Wednesday, January 16, 2008

In Defence of Governmental Education

Steven Landsburg, a radical libertarian economist at the University of Rochester, had a somewhat polemical article in the NYTimes today in which he argued that the government should not pay for the reeducation of workers who lose their jobs to globalization nor give them workers' benefits. The premise on which he based his argument was that if people are unwilling to give money to the government when the benefit from free-trade, why should the government have to give to the people who don't benefit. Landsburg went on to argue that protectionists are "bullies" of sorts. They keep consumers from getting the best deals possible by regulating what leaves the country and, more importantly, what comes into it.

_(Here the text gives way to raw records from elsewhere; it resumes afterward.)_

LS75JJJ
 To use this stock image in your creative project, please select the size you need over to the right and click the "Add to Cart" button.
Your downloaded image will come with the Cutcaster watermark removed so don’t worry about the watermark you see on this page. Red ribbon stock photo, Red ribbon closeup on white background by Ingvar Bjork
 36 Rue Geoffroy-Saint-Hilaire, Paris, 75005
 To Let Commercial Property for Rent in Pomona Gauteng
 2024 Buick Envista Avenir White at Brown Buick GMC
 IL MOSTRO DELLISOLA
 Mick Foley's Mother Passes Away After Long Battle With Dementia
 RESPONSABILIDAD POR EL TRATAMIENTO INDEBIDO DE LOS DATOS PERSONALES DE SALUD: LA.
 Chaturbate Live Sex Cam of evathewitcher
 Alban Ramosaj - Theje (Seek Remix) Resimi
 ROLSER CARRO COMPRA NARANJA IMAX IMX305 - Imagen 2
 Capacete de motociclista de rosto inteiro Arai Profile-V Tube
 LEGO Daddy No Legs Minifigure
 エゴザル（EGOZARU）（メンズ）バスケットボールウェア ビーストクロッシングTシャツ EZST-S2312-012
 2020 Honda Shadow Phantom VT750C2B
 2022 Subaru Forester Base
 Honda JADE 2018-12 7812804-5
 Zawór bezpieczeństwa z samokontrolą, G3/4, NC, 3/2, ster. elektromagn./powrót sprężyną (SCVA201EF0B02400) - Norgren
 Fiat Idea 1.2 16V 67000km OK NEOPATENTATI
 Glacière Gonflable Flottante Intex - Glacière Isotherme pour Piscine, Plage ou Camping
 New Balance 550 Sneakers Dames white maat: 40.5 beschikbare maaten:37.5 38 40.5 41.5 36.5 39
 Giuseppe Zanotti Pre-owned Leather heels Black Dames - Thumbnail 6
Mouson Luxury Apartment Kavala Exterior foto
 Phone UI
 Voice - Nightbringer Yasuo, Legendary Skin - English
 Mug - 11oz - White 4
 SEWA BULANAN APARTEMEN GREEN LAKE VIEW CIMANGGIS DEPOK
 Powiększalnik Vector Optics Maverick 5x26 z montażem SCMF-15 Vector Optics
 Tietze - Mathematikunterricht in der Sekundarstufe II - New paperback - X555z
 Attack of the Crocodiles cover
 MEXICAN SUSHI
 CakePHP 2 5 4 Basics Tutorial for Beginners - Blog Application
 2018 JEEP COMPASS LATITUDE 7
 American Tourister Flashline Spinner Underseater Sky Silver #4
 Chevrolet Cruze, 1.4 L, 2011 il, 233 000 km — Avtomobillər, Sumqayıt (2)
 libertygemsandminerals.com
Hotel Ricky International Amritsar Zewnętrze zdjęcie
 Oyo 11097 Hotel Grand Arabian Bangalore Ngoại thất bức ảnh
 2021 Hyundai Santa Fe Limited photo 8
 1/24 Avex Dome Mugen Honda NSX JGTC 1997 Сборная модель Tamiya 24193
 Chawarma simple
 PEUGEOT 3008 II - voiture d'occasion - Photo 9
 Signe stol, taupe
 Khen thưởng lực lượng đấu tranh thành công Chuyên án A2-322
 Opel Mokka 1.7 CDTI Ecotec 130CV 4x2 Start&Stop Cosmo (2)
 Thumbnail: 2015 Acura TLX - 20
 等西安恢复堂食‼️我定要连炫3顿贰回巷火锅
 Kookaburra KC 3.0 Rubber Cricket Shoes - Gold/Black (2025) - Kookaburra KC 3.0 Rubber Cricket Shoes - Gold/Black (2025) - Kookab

For example, if I could buy a car in the United States for $10,000 and the same car in Mexico for $5000, then it is unfair for the government to charge me an additional $5000 to import the car in order to protect the autoworkers' union. On this basis, I agree with Dr. Landsburg from a purely theoretical point-of-view. I support free trade. But I disagree that reeducation programs and/or workers' benefits are unethical and should, therefore, not be practiced by our government. Education (and reeducation) of our workers, in fact, has largely positive economic benefits from the standpoint that it allows us to reallocate our industry in this country and find a new workforce whom we can adapt to it. This is the entire point of free trade: To assure that the right person fills the right job. Furthermore, if our trade deficit (the margin by which we buy more than we sell) continues to grow in this country, it may very well lead to further economic instability and higher chances of recession. With the decreasing value of the dollar, we have an opportunity to reverse this trend, and trade barriers are the last thing that we need to plague both the supply- and the demand-sides of production. Nevertheless, we're going to need a technologically literate workforce if we want to keep our edge as one of the world's leading industrial nations. Reeducating the unemployed is a step in the right direction, regardless of whether they deserve it or not.